A dendritic extended surfactant is a dendritic surfactant having a non-ionic spacer arm between the hydrophilic group and a lipophilic tail. For example, the non-ionic spacer-arm extension may be the result of polypropoxylation, polyethoxylation, or a combination of the two with the polypropylene oxide next to the tail and polyethylene oxide next to the head. The spacer arm of a dendritic extended surfactant may contain from about 1 independently to about 20 propoxy moieties and/or from about 0 independently to about 20 ethoxy moieties. Alternatively, the spacer arm may contain from about 2 independently up to about 16 propoxy moieties and/or from about 2 independently up to about 8 ethoxy moieties. The spacer arm extensions may also be formed from other moieties including, but not necessarily limited to, glyceryl, butoxy, glucoside, isosorbide, xylitols, a combination thereof, and the like. For example, the spacer arm of a dendritic extended surfactant may contain both propoxy and ethoxy moieties. The polypropoxy portion of the spacer arm may be considered lipophilic; however, the spacer arm may also contain a hydrophilic portion to attach the hydrophilic group. The hydrophilic group may generally be a polyethoxy portion having about two or more ethoxy groups. These portions are generally in blocks, rather than being randomly mixed. Further, the spacer arm extension may be a polypropylene oxide chain.

As used herein, the term “zeta potential” refers to the electrical potential difference between a particle's surface and the surrounding liquid.

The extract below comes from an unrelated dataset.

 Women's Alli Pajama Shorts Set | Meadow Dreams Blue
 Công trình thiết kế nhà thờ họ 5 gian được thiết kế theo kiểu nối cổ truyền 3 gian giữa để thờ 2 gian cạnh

It measures the stability of colloidal suspensions, with a high zeta potential indicating good stability (strong repulsion between particles) and a low zeta potential indicating potential instability (weak repulsion and possible aggregation).

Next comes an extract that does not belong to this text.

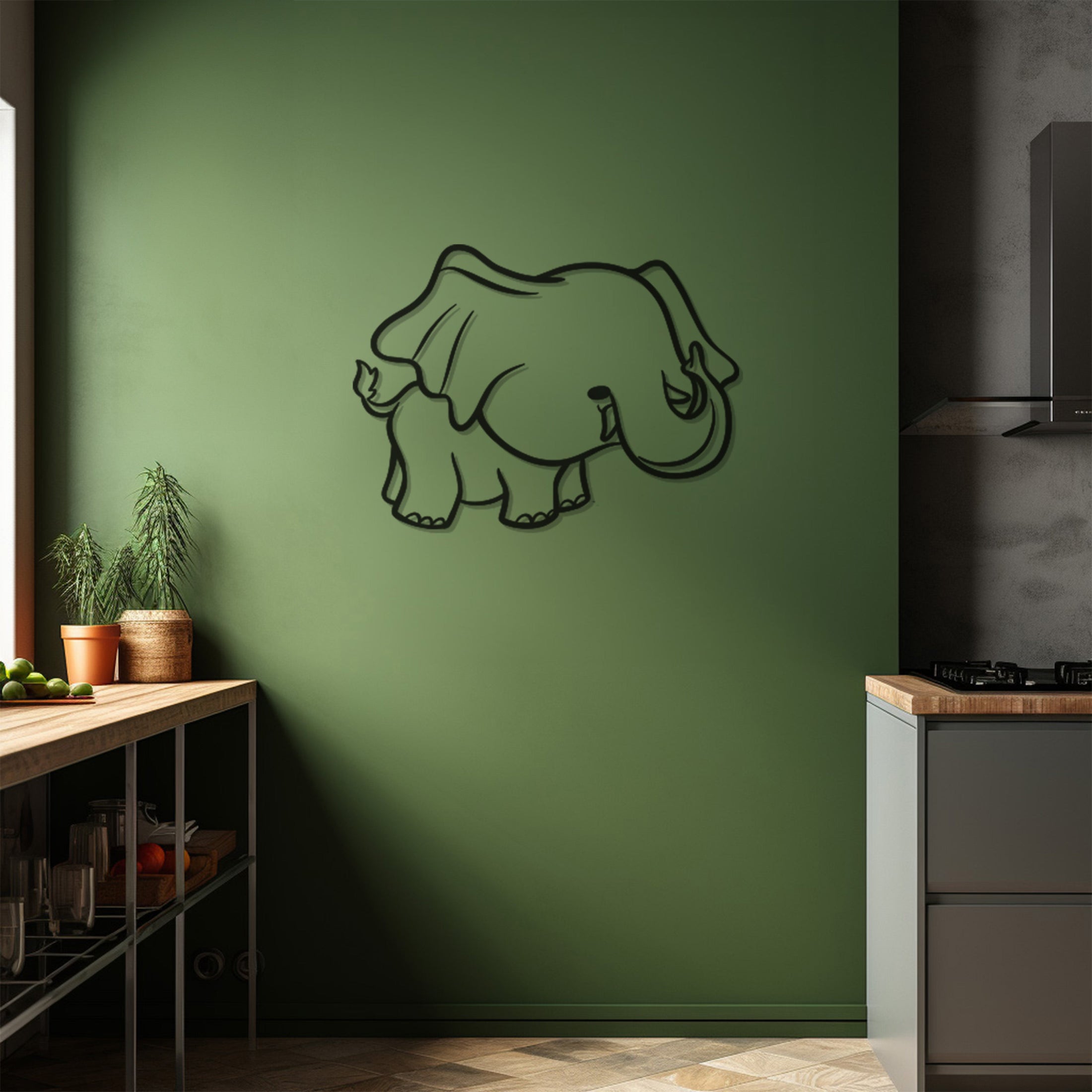 Baby Elephant Object Metal Wall Art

As used herein, the term “electrophoretic mobility” refers to a rate at which a particle moves in an electric field divided by the strength of the field. It is a measure of how easily a particle moves in response to an applied electric potential. This property depends on factors like the particle's size, charge, and the medium's viscosity. Electrophoretic mobility is often used to study colloidal particles, nanoparticles, and other charged systems.

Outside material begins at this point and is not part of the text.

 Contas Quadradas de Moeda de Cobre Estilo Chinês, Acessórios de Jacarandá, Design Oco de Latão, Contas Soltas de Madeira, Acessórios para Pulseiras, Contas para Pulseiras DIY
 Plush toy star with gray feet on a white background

As used herein, the term “brine solution” refers to an aqueous solution containing dissolved salts, where the concentration of dissolved salts is sufficiently high to achieve properties such as increased ionic strength, enhanced solubility of gases (such as CO2), or to facilitate specific chemical reactions.

As used herein, the term “room temperature” refers to a temperature range of 25±3 degrees Celsius (° C.) in the present disclosure.

As used herein, the term “subterranean geological formation” refers to a large-scale feature that exists beneath the Earth's surface.

As used herein, the term “electrical conductivity” refers to the capability of a material to pass the flow of electric current. Electrical conductivity differs from one material to another depending on the ability to let electricity flow.

As used herein, the term “hydrocarbon” refers to a chemical compound composed of hydrogen and carbon atoms. Hydrocarbons can be found in various forms, including alkanes, alkenes, alkynes, and aromatic hydrocarbons. Hydrocarbons can be either saturated (containing only single bonds between carbon atoms) or unsaturated (containing one or more double or triple bonds).

As used herein, the term “enhanced oil recovery (EOR)” refers to a method or a set of methods used to extract more oil from an oil reservoir after primary and secondary recovery techniques have been exhausted. The methods generally involve injecting substances such as water, gas, or chemicals into the reservoir to increase pressure, reduce oil viscosity, and/or improve the flow of oil to the surface, thereby boosting production.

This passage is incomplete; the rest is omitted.